I. Lewis “Scooter” Libby, the former top aide to vice president Dick Cheney who was convicted of lying about his role in the leak of a CIA operative’s identity, has been cleared to practice law again.

The D.C. Court of Appeals, the city’s highest court, found the former national security adviser “fit to resume the practice of law” in response to Libby’s petition that asserts his innocence.

Libby lost his law license in 2008, following his conviction for perjury and obstruction of the federal investigation into disclosures to journalists about the identity of CIA operative Valerie Plame Wilson.

Several Bush administration officials later acknowledged discussing Wilson with reporters, but Libby was the only official to face criminal charges.

President George W. Bush commuted his 30-month prison sentence, leaving Libby to face a fine and two years’ probation. Cheney and other conservatives urged Bush to go further in granting a full pardon to the once-prominent Washington lawyer.

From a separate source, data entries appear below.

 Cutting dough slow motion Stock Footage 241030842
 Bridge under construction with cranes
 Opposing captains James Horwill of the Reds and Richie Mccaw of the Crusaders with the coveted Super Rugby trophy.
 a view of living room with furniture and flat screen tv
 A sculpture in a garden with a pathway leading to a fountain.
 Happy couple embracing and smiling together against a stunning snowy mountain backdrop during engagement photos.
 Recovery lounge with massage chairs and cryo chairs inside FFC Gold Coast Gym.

In Libby’s 14-page petition to the court’s Board on Professional Responsibility, Libby agrees that the charges for which he was convicted are “serious offenses that undermine our system of justice.”

But Libby, 66, “maintains that he was innocent of those offenses,” according to his attorney, William Jeffress Jr.

Libby, a national security expert, is senior vice president at the Hudson Institute. Jeffress said he is not aware of any immediate plans Libby has to practice law.

“He wants to be free to practice law as he did all his life,” Jeffress said.

Libby told the FBI “his honest recollection of events,” Jeffress said, but it was easy for Libby and other witnesses to confuse details and impressions of conversations when questioned months later in the “politically-charged case.”

In its report to the court, the Office of Disciplinary Counsel did not oppose Libby’s reinstatement and noted that he presented “credible evidence” that one of the key prosecution witnesses, former New York Times reporter Judith Miller, appeared to have changed her recollection of events.

Libby’s petition included letters of support from former solicitor general Ted Olson; Joseph DiGenova, former U.S. attorney for the District; and Judge Laurence Silberman of the U.S. Court of Appeals for the D.C. Circuit.